The market for Italian wine, especially exports, is showing some signs of recovery. Raw material prices, however, are on the brink of the abyss, as quotations from Piedmont to Sicily often do not even cover costs. “It’s a structural problem. Supply is much higher than demand, and it won’t change even if recovery improves.” This is the blunt analysis of Edoardo Narduzzi, an expert on wine economy, interviewed by WineNews. Without considering that “the first link of the chain is fragmented because small businesses are widespread in Italy and prices keep getting lower. I believe that Doc and Docg grapes run the greatest danger of further reductions in prices even though in early 2000 they had the largest increases and have held up a little better in the last two years. This year’s harvest, however, could see an even further decrease. Table and Igt grapes are already at such low levels that it is difficult to think of further reductions”.

In some areas, like Piedmont, many grape producers have launched the alarm: the 2010 harvest may be unsustainable from an economic standpoint. What should be done? Help businesses get out of the market that can no longer sustain it or try to keep small businesses alive until there is a recovery?

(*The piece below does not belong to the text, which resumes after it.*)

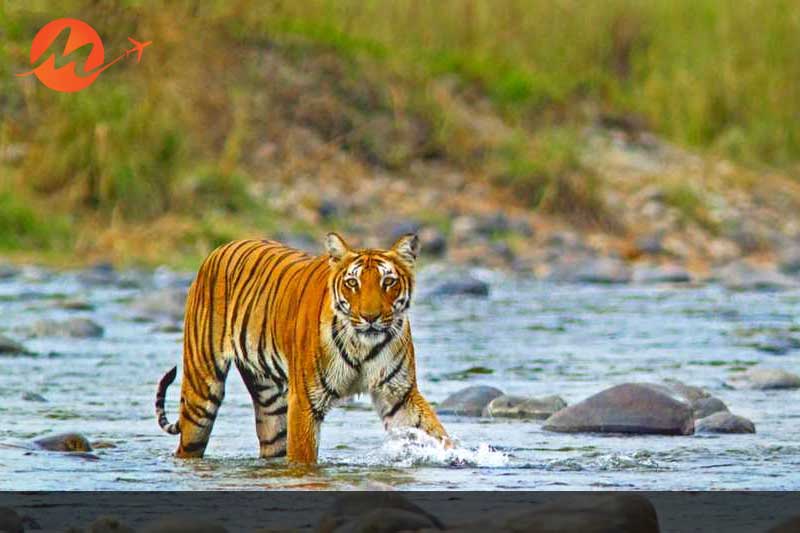 Bengal Tigers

“Even if there is a recovery, supply will still be in excess. And, if we consider that part of the new world and also the Bric countries, especially Russia, China and Brazil, have begun planting vines en masse to produce low cost wine, I believe that a medium-term scenario for small businesses will have a hard time becoming profitable. If we then consider that the recession has created a probably permanent effect of lower prices on the whole, making tighter margins for the wine industry, it is even more difficult to imagine a future that allows all the small grape producers to stay on the market”.

CMO wine has focused on vineyard extirpation contributions to balance supply and demand. Is it an acceptable and sufficient measure, or is something more needed?

“The contributions are shared because they are mostly paid by other countries in the EU, like Germany, rather than Italy. This would be a financial advantage for Italy. The problem is that there are more people employed in agriculture than should be, given our economic level of development. Therefore contributions for extirpation solves only part of the problem, because it helps small companies get out of a business in deficit, but it does not solve the farmer’s problem who, once the vines are extracted has no more income. Contributions for extirpation should be followed by contributions to plant new crops, according to European Union requirements, otherwise there remains the problem of no jobs”.

In your opinion, besides the fall in price of grapes is the price of the territory also in decline? “The price of land is related, at least in part, to the revenue the vineyard can guarantee. It is also true, however, that in some areas the land has a prestige “real estate” or property value, and is separate in determining the value from agricultural production. Certainly, the land of family run farms that do not have the capacity to produce the end product, bottle it and put it on the market are bound to lose value. This is because the largest companies in the area that have market power can buy and, maybe not dictate the price, but can condition it much more than before. The major producers in the territory do not consider the fall of raw material prices negative because it is a way to restore or rebuild the industrial margins they lost with the fall in price of the end product”.

So, beyond each sides’ intentions, is the direction necessarily reduction and merging of properties?

“Merging properties and production in the wine industry is inevitable. Other countries, which are now definitely part of the international wine scene, like Australia, the United States or Chile, do not separate the basic production properties. As a matter of fact, usually the large producers also have several thousand hectares of land on which they grow the raw material directly. The Spanish case is more or less midway, but it becomes very difficult to keep fragmented production units in a global wine market that has increasingly complex marketing, pricing and consumer defense strategies. And this is just the domestic market, let alone on an international level”.